• Tuesday, 24 December 2024

Armenia says Azerbaijan is massing troops at border, warns of clashes

Armenia says Azerbaijan is massing troops at border, warns of clashes

Moscow, 7 September 2023 (dpa/MIA) - Armenia accused Azerbaijan of sending forces to its border and warned the provocation could trigger a new outbreak of heavy fighting in a region that has been the scene of simmering conflict for 30 years.

"Azerbaijan has massed forces along the line of contact with Nagorno-Karabakh and on the border with Armenia over the last few days," Prime Minister Nikol Pashinyan told a government meeting on Thursday, local media reported.

Anti-Armenian rhetoric has continued to grow, with Baku making more and more claims to Armenian territory, he complained. Pashinyan called on the the United Nations and the international community to quickly intervene.

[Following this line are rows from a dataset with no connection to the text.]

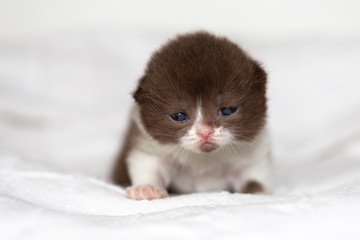 Britisch Kurzhaar Kitten- Katzenbaby- sehr klein und süß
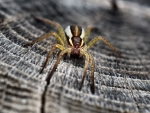 Spider Close-up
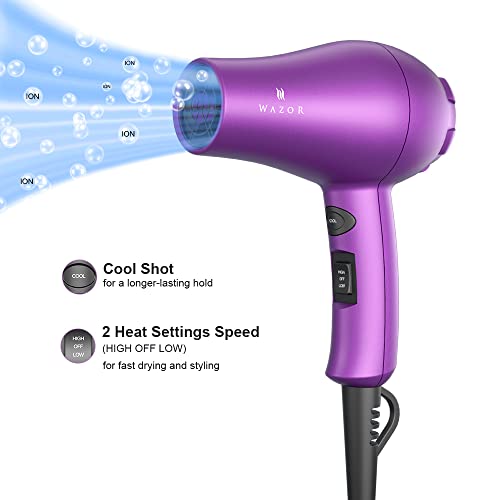Compact 1000W Blow Dryer with Concentrator, Purple Z121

The two former Soviet states in the South Caucasus have been fighting for decades over the region of Nagorno-Karabakh, which is part of Azerbaijan's internationally recognized territory but inhabited mostly by Armenians.

In the early 1990s, Nagorno-Karabakh broke away from Baku with the support of Yerevan after a bloody civil war. In 2020, with the help of Turkey, the Azerbaijanis, highly armed thanks to flowing oil revenues, managed to claw back control after an armed conflict.

In the ceasefire that was finally concluded, the Armenians had to cede more than 70% of the territories they had previously controlled in Nagorno-Karabakh.

But despite the ceasefire, eruptions of violence of continue. Tensions have also escalated over Azerbaijan's blocking of the Lachin corridor, Armenia's only access to Nagorno-Karabakh, for months.

Observers describe the situation in Nagorno-Karabakh as catastrophic.

There are shortages of food and medicine. Since Wednesday, bread has only been distributed in exchange for ration coupons.